Numerof attributed slow progress to an “unwillingness to see and address these now obvious, fundamental issues” with the fee-for-service payment system.

Financial losses as a direct result of the COVID-19 pandemic topped $120.5 billion for hospitals in 2020, according to estimates from the American Hospital Association (AHA). And those losses could deepen by another $53 billion to $122 billion this year, the AHA says. Similarly, physician practices saw their revenue cut in half in 2020, the Medical Group Management Association (MGMA) reported last year.

Much of the losses are tied to dramatic reductions across patient volumes. In early 2020, many communities shut down to prevent the spread of the highly contagious coronavirus. However, this left many providers without a stable revenue source since most revenue is still tied to fee-for-service contracts.

Healthcare executives (80 percent) generally agree that population health management is the future in healthcare, and nearly all (99 percent) expect their organization to put revenue in contracts with upside and/or downside risk in the next two years. The median estimate of the percentage of annual revenue was 31 to 35 percent.

Progress with risk-based revenue goals may be stalling because of financial concerns. Fear of financial loss was the most cited barrier to the adoption of risk-based revenue contracts, the report found. This barrier was followed by navigating cultural change.
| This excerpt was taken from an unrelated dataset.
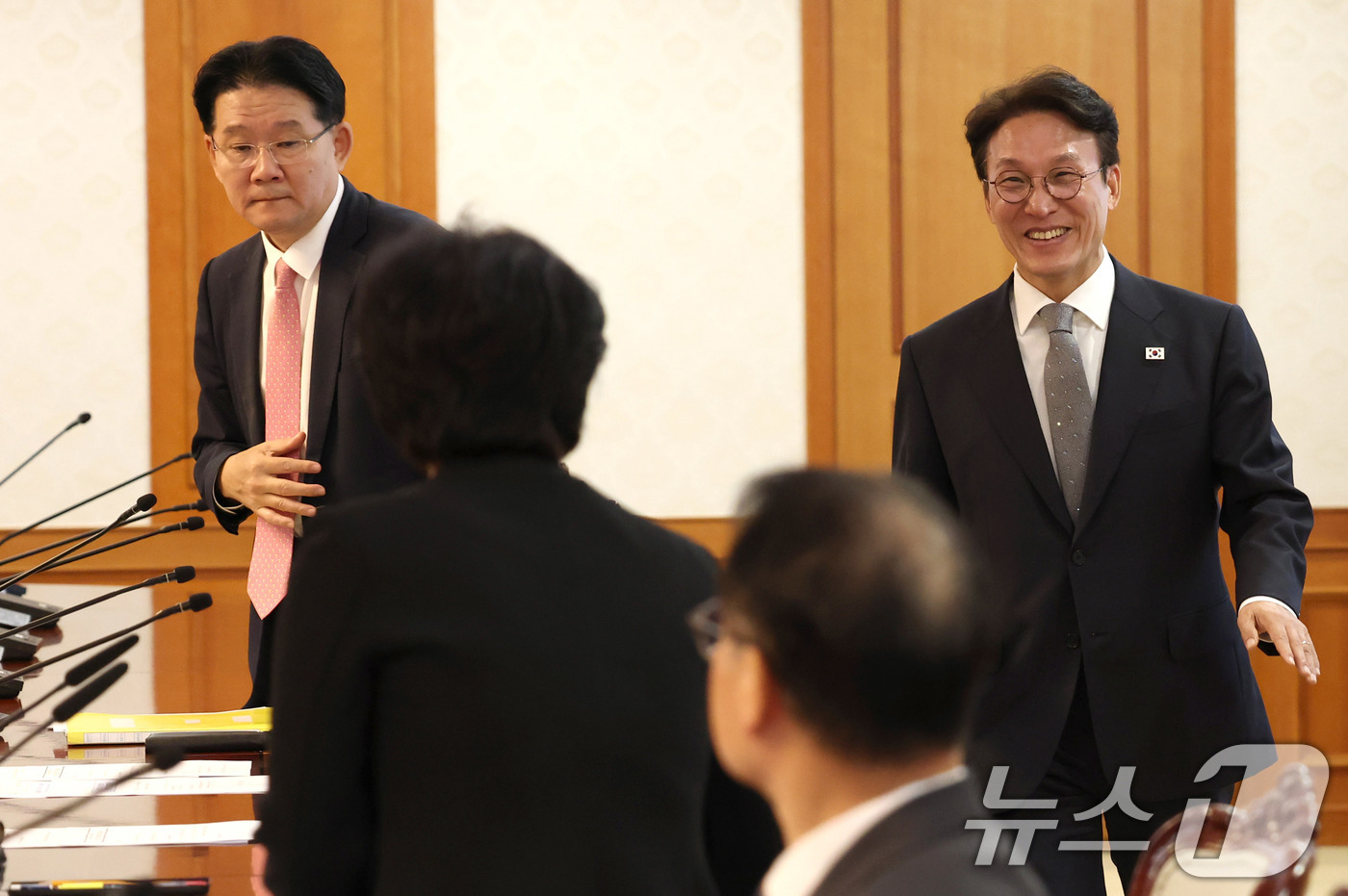 (서울=뉴스1) 임세영 기자 = 김민석 국무총리가 15일 서울 종로구 정부서울청사에서 열린 치안·안전 관계장관회의에 참석하고 있다. (공동취재)  2025.10.15/뉴스1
The report also found a major gap in risk-based revenue capabilities: respondents demonstrated a lack of confidence in their organization’s ability to manage cost at the individual physician level.
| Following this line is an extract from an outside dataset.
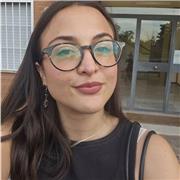 Studentessa universitaria offre ripetizioni e aiuto compiti di inglese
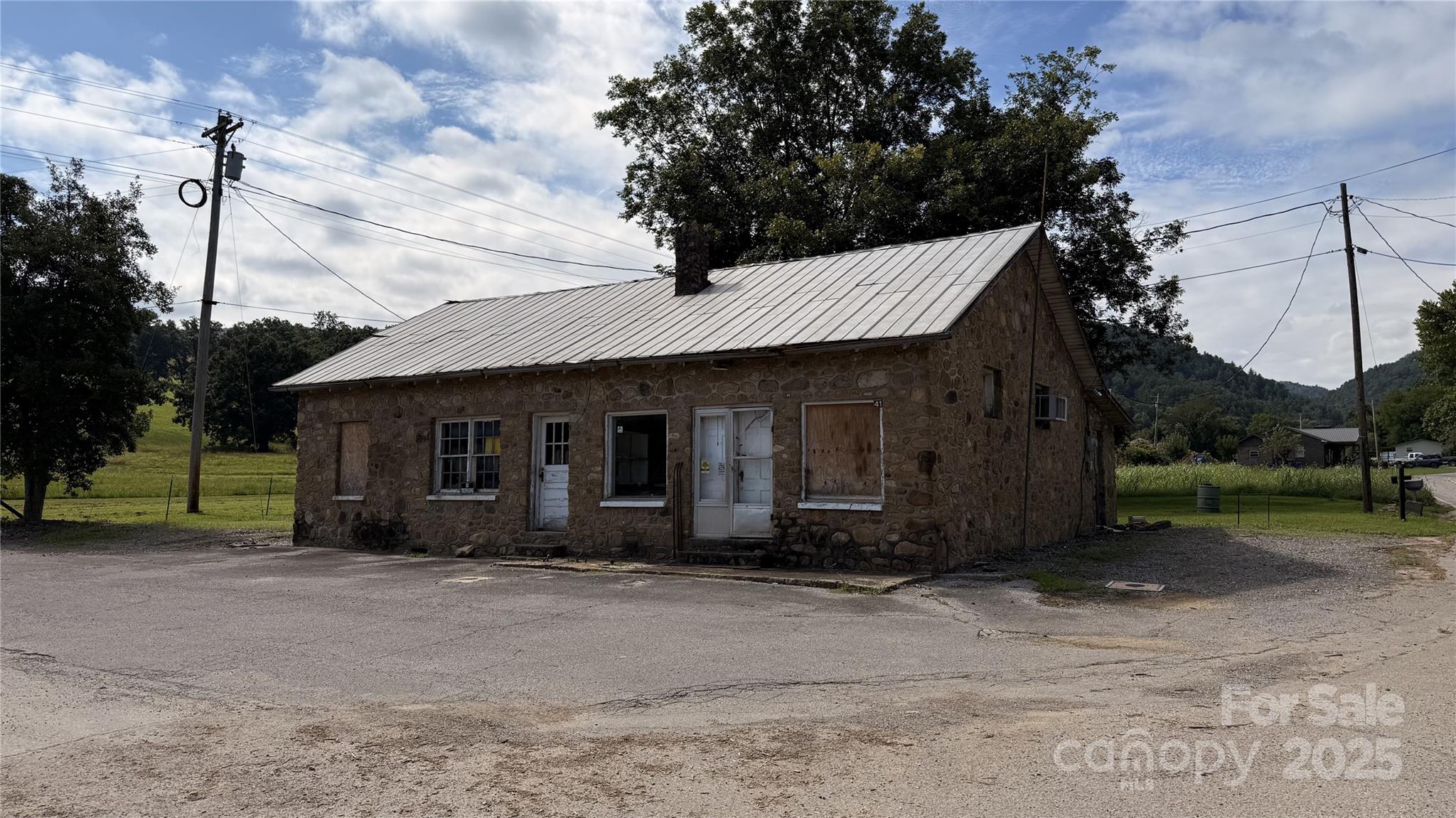 41 Upper Shut In Road — Hot Springs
“It’s long been known that the most expensive piece of equipment in the hospital is the physician’s pen.” Michael Abrams, managing partner of Numerof & Associates, said in the release. “Yet, in our sixth annual survey, 62 [percent] of respondents rated their organization’s ability to manage variation in cost at the physician level as ‘average’ or ‘worse than average’. If executives have so little insight into the cost differences between physicians, how can they possibly expect to control them?”

Examples of how organizations can better manage cost include establishing care paths, using order entry systems to identify variation from care paths, providing physicians with comparative cost and quality data, and tying physician compensation to management of cost and quality.

This year’s survey found little progress with organizations implementing these best practices.